─── Dataset excerpt ───
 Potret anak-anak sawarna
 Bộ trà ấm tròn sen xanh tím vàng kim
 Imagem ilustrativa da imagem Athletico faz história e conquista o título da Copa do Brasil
───
Copy the data above in full, character for character.

 Potret anak-anak sawarna
 Bộ trà ấm tròn sen xanh tím vàng kim
 Imagem ilustrativa da imagem Athletico faz história e conquista o título da Copa do Brasil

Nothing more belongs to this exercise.